STORED DATA ->
>>>>>

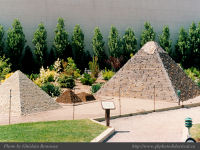 Photo-Niagara-Falls-28-1994-Miniature-World-Pyramids-of-Egypt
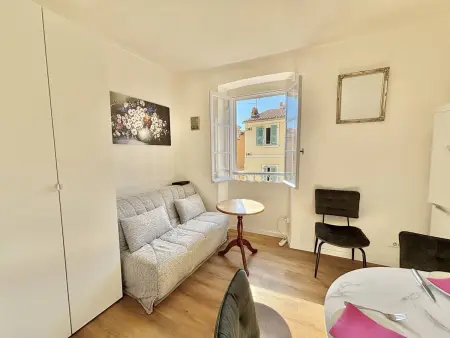 Studio climatisé Rue Fesch, centre Ajaccio : photo 8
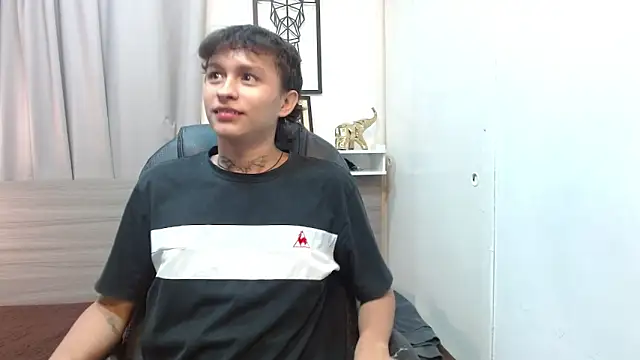 Snapshot of YuanDelux chatting on March 2026 03:05:02 PM YuanDelux online show from March 2026 03:05:02 PM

<<<<<

TASK -> Quote everything in the listing above exactly; pictures are the only thing to omit.

ANSWER TO THIS EXERCISE ->
 Photo-Niagara-Falls-28-1994-Miniature-World-Pyramids-of-Egypt
 Studio climatisé Rue Fesch, centre Ajaccio : photo 8
 Snapshot of YuanDelux chatting on March 2026 03:05:02 PM YuanDelux online show from March 2026 03:05:02 PM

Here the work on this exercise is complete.